== INSTRUCTIONS FOR THE TASK ==
Would you write out all of the data exactly as it appears below?

++++ DATA SUPPLIED ++++

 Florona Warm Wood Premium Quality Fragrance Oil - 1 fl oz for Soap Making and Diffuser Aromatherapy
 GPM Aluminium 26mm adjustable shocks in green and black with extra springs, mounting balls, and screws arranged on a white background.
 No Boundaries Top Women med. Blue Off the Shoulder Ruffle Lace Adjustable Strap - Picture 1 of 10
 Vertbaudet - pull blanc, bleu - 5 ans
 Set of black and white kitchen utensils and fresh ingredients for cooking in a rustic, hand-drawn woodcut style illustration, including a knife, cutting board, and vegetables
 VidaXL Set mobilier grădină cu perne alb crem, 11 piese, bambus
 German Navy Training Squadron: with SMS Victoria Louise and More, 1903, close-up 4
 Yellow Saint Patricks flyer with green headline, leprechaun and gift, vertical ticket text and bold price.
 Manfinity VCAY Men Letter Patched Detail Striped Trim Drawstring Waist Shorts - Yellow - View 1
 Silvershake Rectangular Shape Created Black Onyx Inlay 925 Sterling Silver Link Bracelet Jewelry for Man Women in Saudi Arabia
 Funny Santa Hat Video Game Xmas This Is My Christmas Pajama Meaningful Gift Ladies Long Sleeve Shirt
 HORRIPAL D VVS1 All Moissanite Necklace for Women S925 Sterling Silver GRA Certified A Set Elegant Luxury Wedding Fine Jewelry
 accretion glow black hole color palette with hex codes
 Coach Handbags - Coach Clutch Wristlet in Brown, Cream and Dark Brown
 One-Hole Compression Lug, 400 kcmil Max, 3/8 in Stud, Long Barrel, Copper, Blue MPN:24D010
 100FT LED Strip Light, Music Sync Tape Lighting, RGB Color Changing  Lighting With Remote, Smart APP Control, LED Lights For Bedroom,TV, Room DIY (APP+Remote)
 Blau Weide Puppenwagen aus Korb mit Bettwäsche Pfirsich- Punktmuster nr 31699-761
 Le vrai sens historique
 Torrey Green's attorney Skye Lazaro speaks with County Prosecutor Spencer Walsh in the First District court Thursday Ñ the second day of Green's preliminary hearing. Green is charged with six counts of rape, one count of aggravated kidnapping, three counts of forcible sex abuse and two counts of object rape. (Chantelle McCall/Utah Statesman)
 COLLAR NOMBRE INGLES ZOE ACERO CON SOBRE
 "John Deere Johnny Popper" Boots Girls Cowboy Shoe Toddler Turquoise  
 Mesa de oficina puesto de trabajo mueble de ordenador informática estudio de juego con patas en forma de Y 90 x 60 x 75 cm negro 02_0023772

++++

== FINISHED EXERCISE ==
 Florona Warm Wood Premium Quality Fragrance Oil - 1 fl oz for Soap Making and Diffuser Aromatherapy
 GPM Aluminium 26mm adjustable shocks in green and black with extra springs, mounting balls, and screws arranged on a white background.
 No Boundaries Top Women med. Blue Off the Shoulder Ruffle Lace Adjustable Strap - Picture 1 of 10
 Vertbaudet - pull blanc, bleu - 5 ans
 Set of black and white kitchen utensils and fresh ingredients for cooking in a rustic, hand-drawn woodcut style illustration, including a knife, cutting board, and vegetables
 VidaXL Set mobilier grădină cu perne alb crem, 11 piese, bambus
 German Navy Training Squadron: with SMS Victoria Louise and More, 1903, close-up 4
 Yellow Saint Patricks flyer with green headline, leprechaun and gift, vertical ticket text and bold price.
 Manfinity VCAY Men Letter Patched Detail Striped Trim Drawstring Waist Shorts - Yellow - View 1
 Silvershake Rectangular Shape Created Black Onyx Inlay 925 Sterling Silver Link Bracelet Jewelry for Man Women in Saudi Arabia
 Funny Santa Hat Video Game Xmas This Is My Christmas Pajama Meaningful Gift Ladies Long Sleeve Shirt
 HORRIPAL D VVS1 All Moissanite Necklace for Women S925 Sterling Silver GRA Certified A Set Elegant Luxury Wedding Fine Jewelry
 accretion glow black hole color palette with hex codes
 Coach Handbags - Coach Clutch Wristlet in Brown, Cream and Dark Brown
 One-Hole Compression Lug, 400 kcmil Max, 3/8 in Stud, Long Barrel, Copper, Blue MPN:24D010
 100FT LED Strip Light, Music Sync Tape Lighting, RGB Color Changing  Lighting With Remote, Smart APP Control, LED Lights For Bedroom,TV, Room DIY (APP+Remote)
 Blau Weide Puppenwagen aus Korb mit Bettwäsche Pfirsich- Punktmuster nr 31699-761
 Le vrai sens historique
 Torrey Green's attorney Skye Lazaro speaks with County Prosecutor Spencer Walsh in the First District court Thursday Ñ the second day of Green's preliminary hearing. Green is charged with six counts of rape, one count of aggravated kidnapping, three counts of forcible sex abuse and two counts of object rape. (Chantelle McCall/Utah Statesman)
 COLLAR NOMBRE INGLES ZOE ACERO CON SOBRE
 "John Deere Johnny Popper" Boots Girls Cowboy Shoe Toddler Turquoise  
 Mesa de oficina puesto de trabajo mueble de ordenador informática estudio de juego con patas en forma de Y 90 x 60 x 75 cm negro 02_0023772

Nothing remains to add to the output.